Marchionne ha attaccato i tedeschi. È stato respinto. Che cosa conta di fare,
adesso? Torino ha già lasciato Termini Imerese. La francese Psa dice che,
forse, taglierà 8 mila posti. La Opel, probabilmente, smantellerà qualcosa. Ma
non basta. Anche perché la Fiat va peggio della concorrenza ed è dipendente da
un mercato, quello italiano, che soffre più di tutti. Promettere che la Fiat
resterà in Italia significa poco se non si spiega con quanti stabilimenti, con
quante persone, con quali risorse e per fare che cosa. Sostiene Marchionne: «Mi
impegno, ma non posso farlo da solo. Ci vuole un impegno dell'Italia». La
storia dei suoi investimenti - tutti sussidiati dai Paesi dove li ha fatti:
Usa, Brasile, Serbia - fa sospettare che Marchionne stia per bussare a
quattrini con il governo. Se così non è, restiamo in attesa di capire in che
cosa consista il «contributo dell'Italia».
Il secondo nodo su
cui continua il silenzio è la disponibilità della Volkswagen ad acquistare il
marchio Alfa Romeo, assieme a uno stabilimento italiano che, altrimenti,
verrebbe chiuso. Il Corriere sta dando informazioni in materia. Abbiamo anche
indicato il nome della banca - la Lazard - che ha presentato l'idea sia a
Marchionne sia ad Elkann. Oggi aggiungiamo che esperti tedeschi hanno visitato
tutti e quattro gli stabilimenti in teoria papabili: Mirafiori, Cassino, Melfi
e Pomigliano. Hanno pure stilato un rating . Queste visite fanno pensare che
qualcosa possa accadere. Che magari entri nel pacchetto anche un po' di
tecnologia. Stupisce il disinteresse di Cisl e Uil e dei sindacati minori
davanti alla possibilità che un investimento estero, fatto dalla casa automobilistica
più forte d'Europa, venga a risolvere una parte dei problemi aperti dal declino
della Fiat in Italia e a portare un po' di concorrenza. E stupisce anche il
silenzio dei tanti aedi della concorrenza. Temono di disturbare i manovratori?

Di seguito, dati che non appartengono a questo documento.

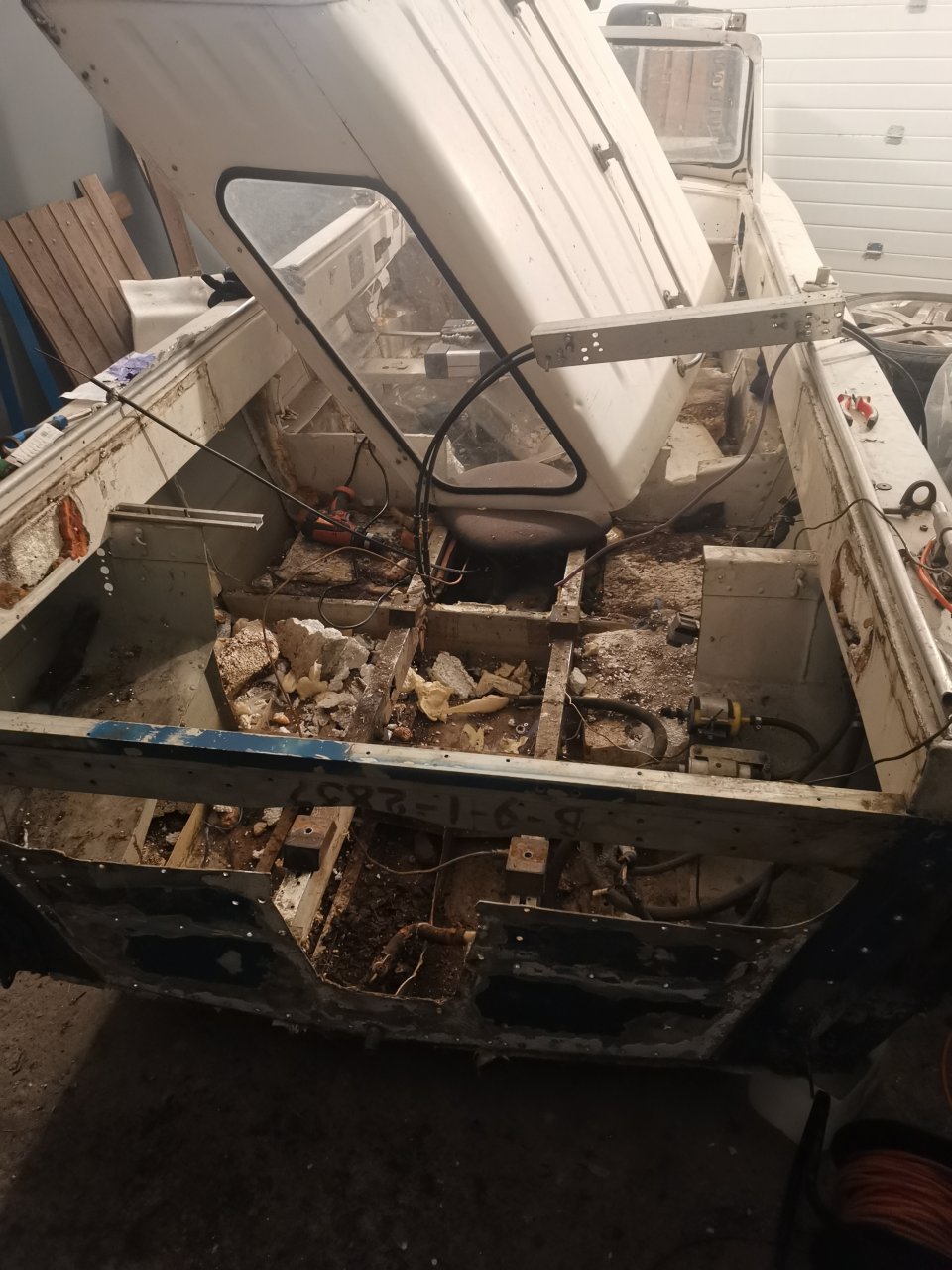 198764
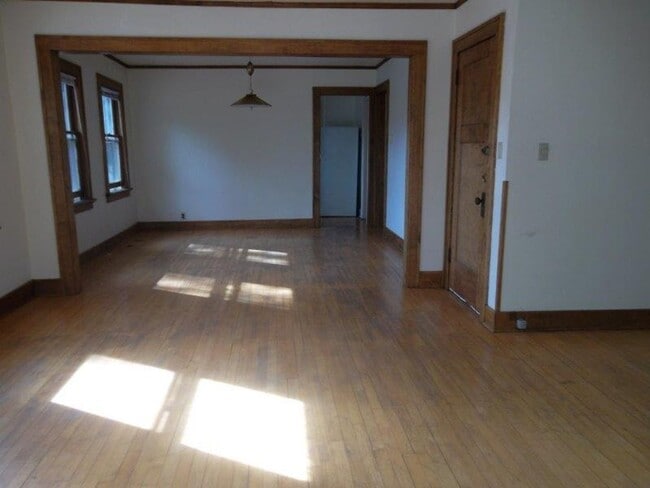 Building Photo - 1108 E Johnson St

In ogni caso, questa è anche materia del governo che parla tanto di attrarre i
capitali esteri e forse farebbe bene a intervenire prima che le situazioni
degenerino come a Termini Imerese o, per altre produzioni, a Portovesme.
Il terzo punto sul
quale Marchionne tace è quello finanziario: del debito e della moneta. Il
debito Fiat è ancora considerato spazzatura, le sue obbligazioni junk bond .

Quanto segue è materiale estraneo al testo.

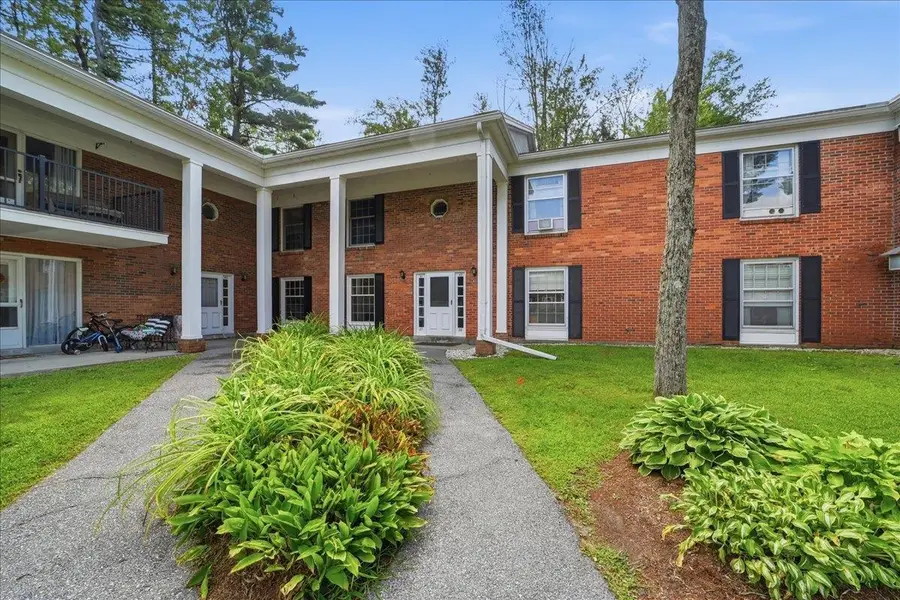 100 Kennedy Drive #27, South Burlington, VT 05403 - #2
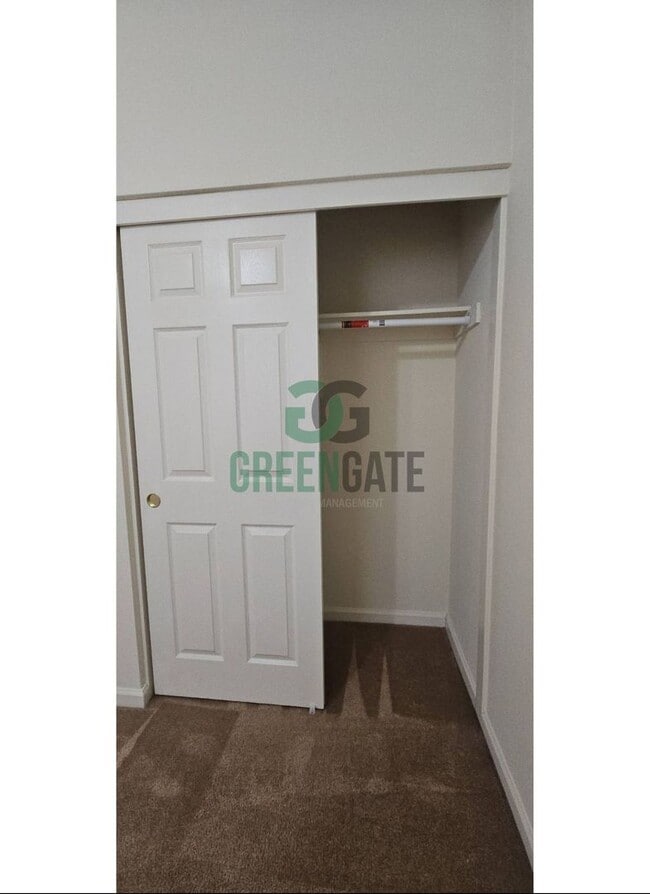 Building Photo - Beautiful 4 Bedroom, 3 Bathroom Home in Tr...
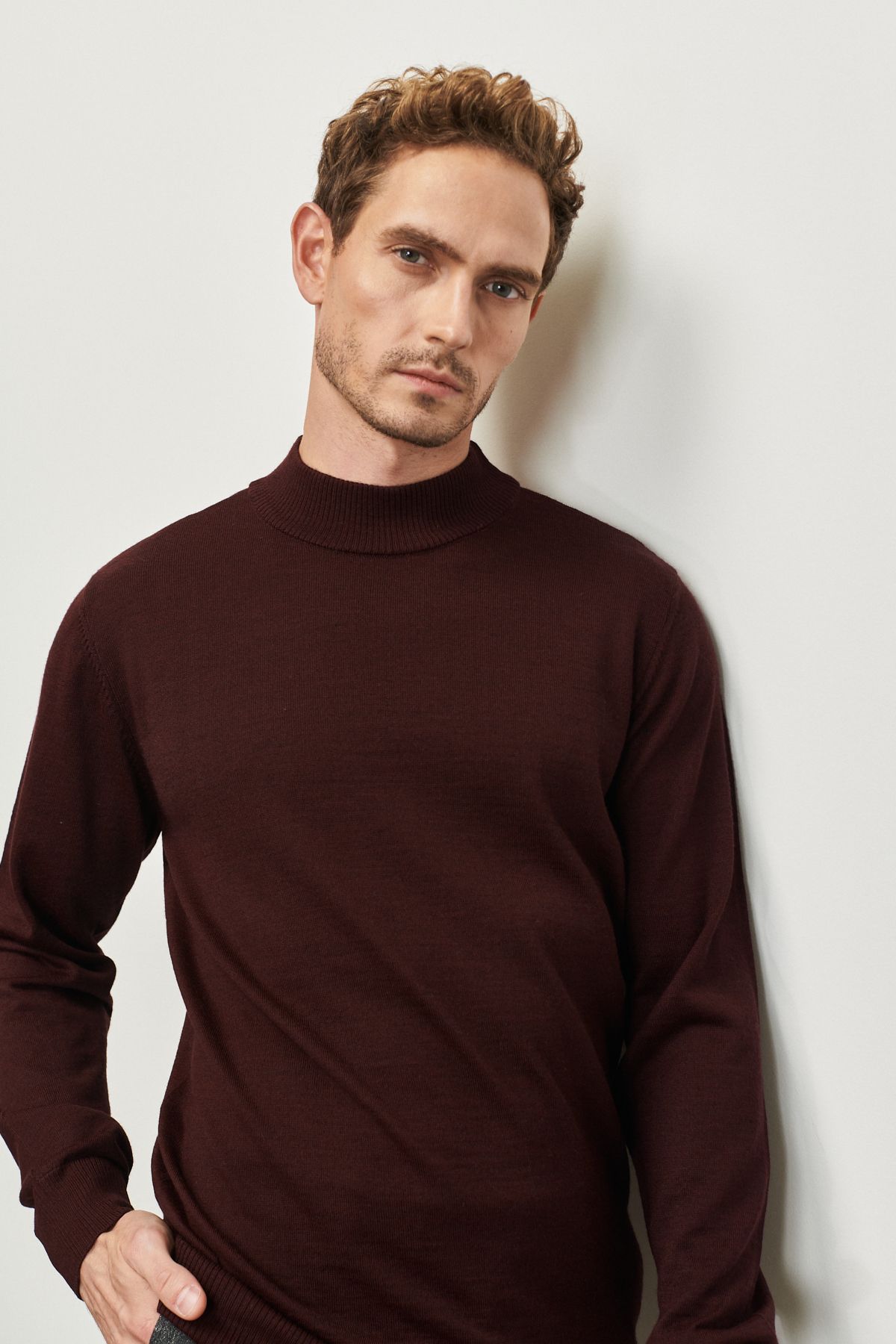 AC&Co / Altınyıldız Classics-Herrenpullover in Weinrot mit Standard-Passform und normalem Schnitt, halber Rollkragenpullover aus Wolle 3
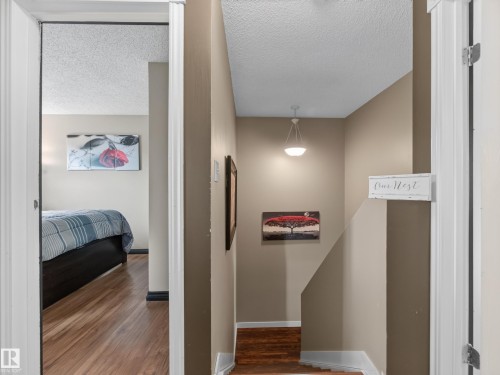 3503 42A Avenue Nw, Edmonton, AB - Indoor Photo Showing Other Room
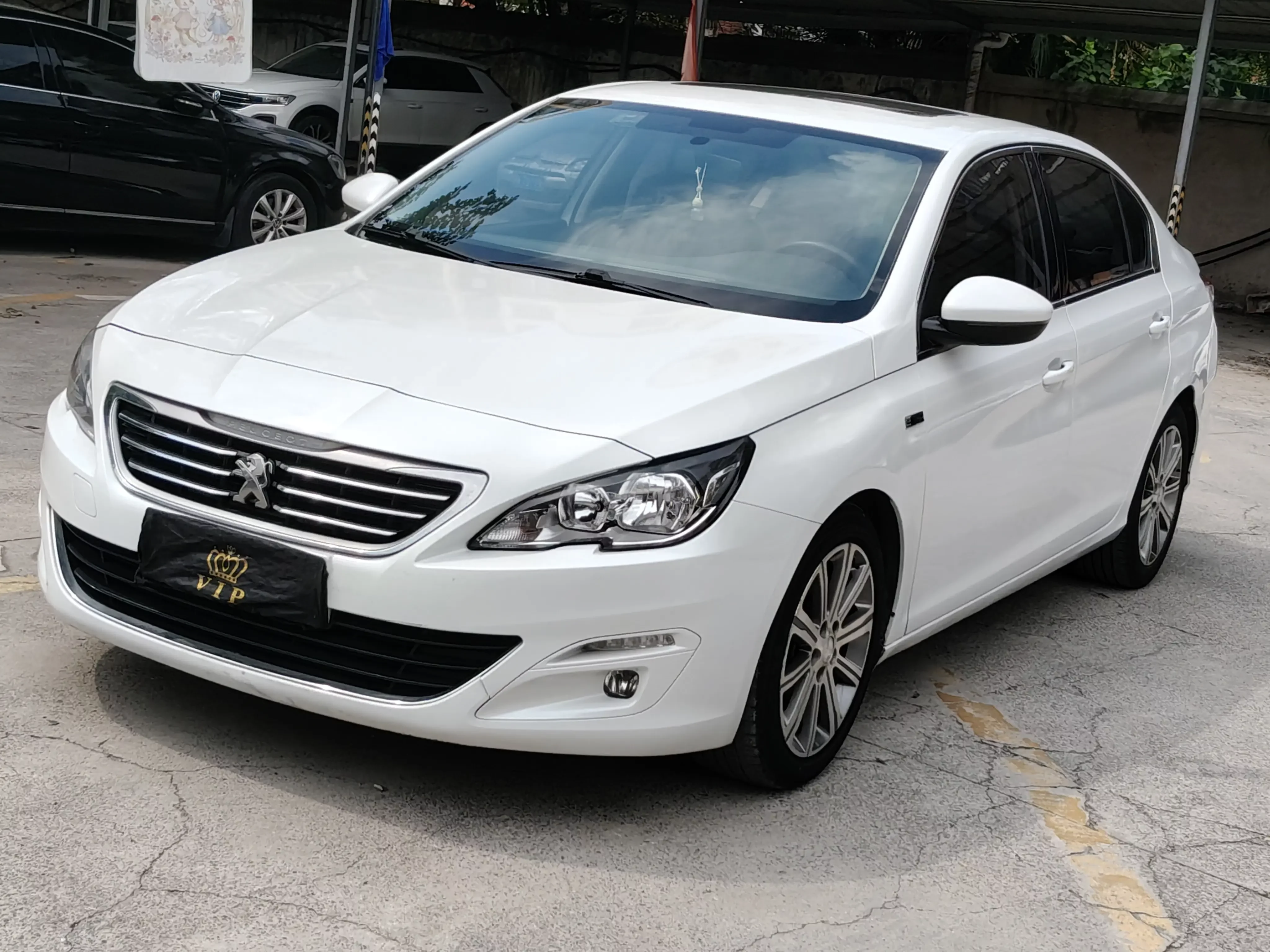 Peugeot 408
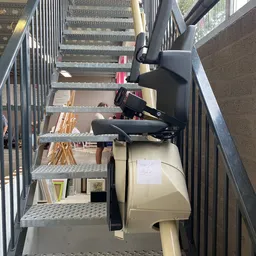 Stellingen met diverse spullen in een kringloopwinkel, onder andere houten materialen en huishoudartikelen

Pesa certamente il rischio Italia, ma ancor più pesa il rischio Fiat-Chrysler
(nonostante i primi profitti americani). Basta confrontare i differenziali tra
i Btp e i Bund e quelli tra le obbligazioni Fiat e le obbligazioni Volkswagen
per accertare come da anni i primi siano inferiori ai secondi. Che cosa ha in
animo di fare la Fiat per risalire la china che la svantaggia nella
competizione con case che già investono di più e in aggiunta si finanziano a
tassi inferiori? Che senso ha benedire Monti e non porgli il problema dei
tedeschi che finanziano le vendite ai clienti a tasso zero o quasi grazie al
fatto che entrambi, noi e loro, stiamo nell'euro, ma loro sopra e noi sotto?
Prima che sia troppo
tardi, e cioè prima che la politica del carciofo adottata da Marchionne abbia
consumato anche l'ultima foglia, è forse il caso di affrontare la questione
Fiat come una grande questione industriale del Paese, nel rispetto dei ruoli di
ciascuno, ma andando tutti - azionisti, management, sindacati, banche e governo
- oltre le chiacchiere vaghe e il duello infantile tra paure e desideri per
cominciare ciascuno, da adulto, a prendersi le proprie responsabilità.